Realogy (NYSE:RLGY) CEO Richard Smith on Monday explained why the House Republican tax plan could hurt both homeowners and buyers.
Under the newly proposed GOP tax plan, married couples can deduct interest on mortgages of up to $500,000 instead of the current cap of $1,000,000. The plan will also cap the write-offs of state and local property taxes at $10,000.
“This is not about the builders, it’s not about the realtors, this is about the consumers. What everyone seems to be fairly dismissive of is the average home in this country if we proceed with the tax bill as proposed will lose about 10% of its value,” he told FOX Business’ Liz Claman on “Countdown to the Closing Bell.”
The National Association of Home Builders also opposed the GOP bill because they believe the changes would raise the cost of buying and owning a home.
Smith explained how the plan may “disincentivize” all home buyers, which in turn will hurt the U.S. economy.
“If we abandon the longstanding tax policy of supporting homeownership in this country, it’s going to have unintended consequences.
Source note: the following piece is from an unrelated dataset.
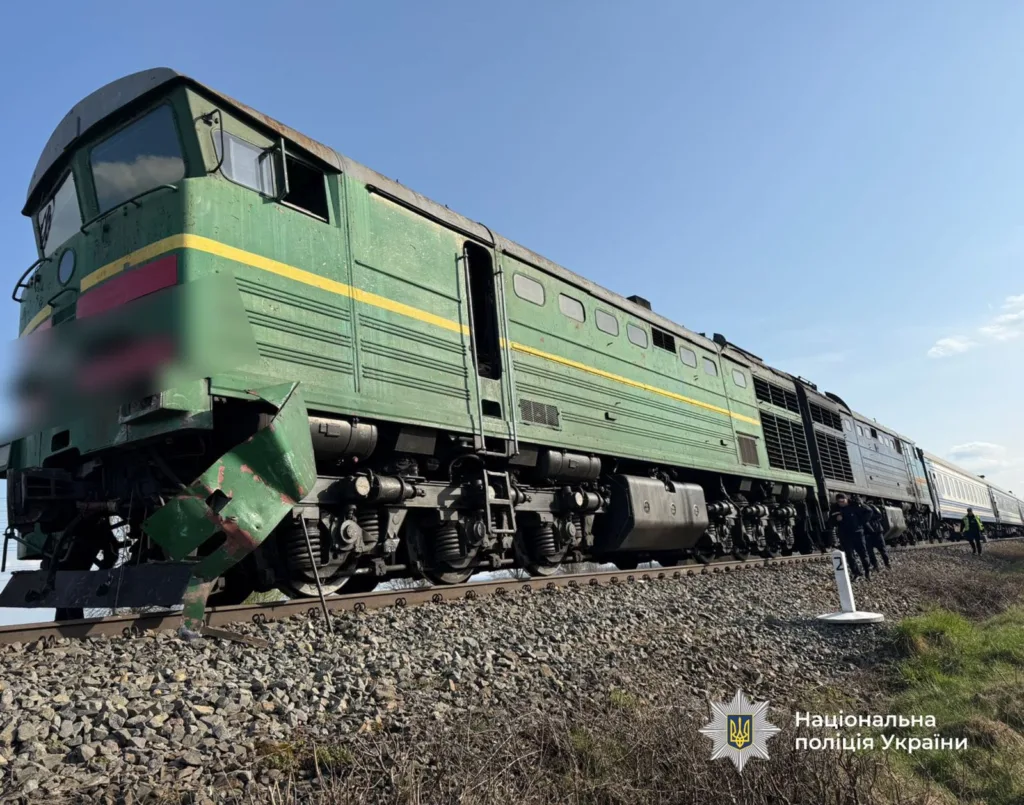 Пошкоджений зелений потяг на залізничній колії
We experienced this in 2006 with the great deflation in value. We don’t need to knowingly go through that again. The unintended consequences are going to be damaging to the U.S. economy,” he said.
Smith said that the mortgage interest deduction has encouraged Americans to buy homes since the tax policy was developed in 1912.
“This country decided then and continues to believe today that homeownership is good for the U.S. economy. It’s 15% to 18% of the gross domestic product of this country [and] to suddenly abandon that in exchange for creating this opportunity for renters to be just as advantaged as homeowners sets a new stage and a new course for this country and I don’t think that’s the intent. Homeownership is good for this country, it’s good for our tax system and to abandon that I think is misguided,” he said.